“Are there any survivors in the room?”
I don’t remember why I was there, but it was a discussion of cancer. I looked around at the people who had raised their hands. It wasn’t until the speaker moved on that I realized that I was a cancer survivor too.
Monday Night Cancer Club is a Daily Kos group focused on dealing with cancer, primarily for cancer survivors and caregivers, though clinicians, researchers, and others with a special interest are also welcome. Volunteer diarists post Monday evenings between 7-8 PM ET on topics related to living with cancer, which is very broadly defined to include physical, spiritual, emotional and cognitive aspects. Mindful of the controversies endemic to cancer prevention and treatment, we ask that both diarists and commenters keep an open mind regarding strategies for surviving cancer, whether based in traditional, Eastern, Western, allopathic or other medical practices. This is a club no one wants to join, in truth, and compassion will help us make it through the challenge together.
Does that seem strange? But my first cancer was so ambiguous. I had had an ordinary PAP, and was referred to a gynecologist. I had had problematic PAPs before, and it had usually meant I had a uterine polyp or a vaginal infection. This time it was not simple dysplasia. It seems I had pre-cancerous cells, and the recommended treatment was a hysterectomy. I thought about it, and my sister discussed it with a friend who was also a gynecologist, and reported back that surgery was indeed the treatment of choice.
I was over 50, and had pretty much gone through menopause, though once or twice a year I would have some bleeding. Everything about my reproductive system was ambiguous. I had started menstruating at age nine, along with the body changes of puberty, but seldom had my periods. Eventually at age 18, I was diagnosed with Stein-Leventhal Syndrome. Great, I thought, I finally get a diagnosis and it’s Jewish! Since that time, the condition has been renamed Poly-cystic Ovary Disease, or PCOD.
But let’s get back to the hysterectomy. I had already figured out that I would have the surgery when my sister got back to me. What had my uterus done for me lately anyway? I had the doctors make the arrangements, and met with the surgeon, and went through all the pre-surgery rigmarole. I made plans to stay with a friend for about a week after surgery, and checked in to the hospital. When I woke up afterwards, I was told that the biopsy that was done during surgery had been negative.
When I went back a few months later for a follow-up appointment, my gynecologist said “Aren’t you glad you had the surgery when you did?” He went on to tell me that the more thorough cross-section biopsy done after the removal of my uterus had showed early-stage endometrial cancer.
I was shocked.
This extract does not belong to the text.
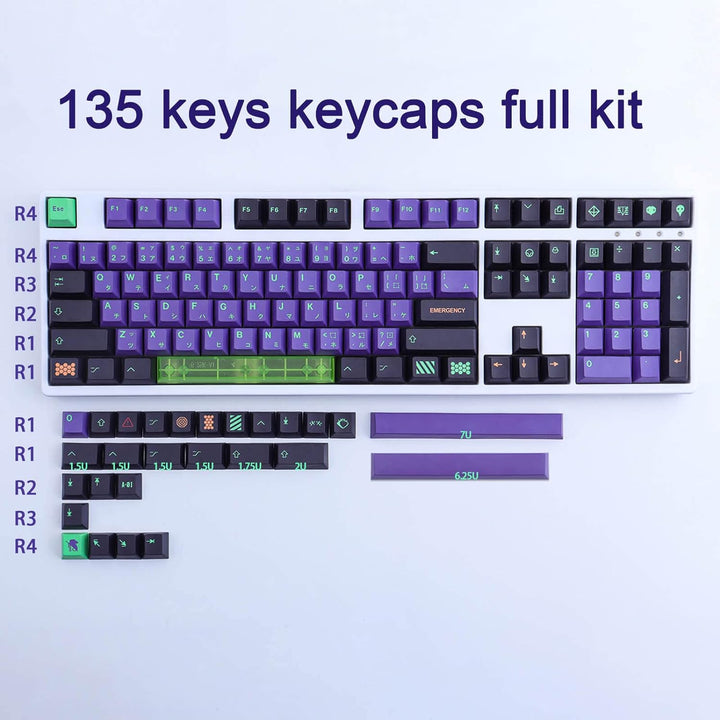 PBT Keycaps 135 Keys Japanese Mecha Keycap Set Cherry Profile Dye Sublimation Keycaps with 7U Clear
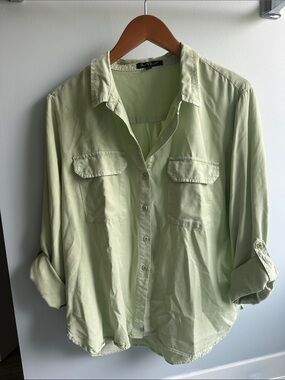 Velvet Heart Light Green Button-Up Utility Blouse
How was I supposed to relate to a cancer diagnosis that was made only after the cancer was out of my body? I had already told people that the biopsy had been negative. I had already told myself that the biopsy had been negative!
I don’t think I ever thought of myself as a cancer survivor until my second cancer three years later. This time it was my left kidney, and it was not ambiguous at all. I saw the pictures – there was almost no healthy tissue left, and yet I was having no symptoms. I have written about this experience elsewhere, but the short version is that a CT scan of my chest showed the kidney tumor, and I was called in for another CT for a better look, and met quickly with the surgeon who removed the kidney just six weeks after the first scan.
So I have had two unrelated cancers three years apart, and never saw an oncologist. In both cases, the treatment was removal of the effected organ, and I never had chemo or radiation therapy after surgery. I sometimes feel a little guilty about that, as if I somehow cheated. When I think of cancer survivors, I think of survivors of chemo, with the sickness and the hair loss.
And yet it’s strange. No one in my family ever had cancer. We die of cardio-vascular disease, or in one case, emphysema. A cousin recently died after a long battle with lung cancer; she had been a three-pack-a-day smoker for most of her life, and that seems a clear environmental cause. So my history is a puzzle to me. I keep wondering if I have any other extraneous organs I can afford to lose.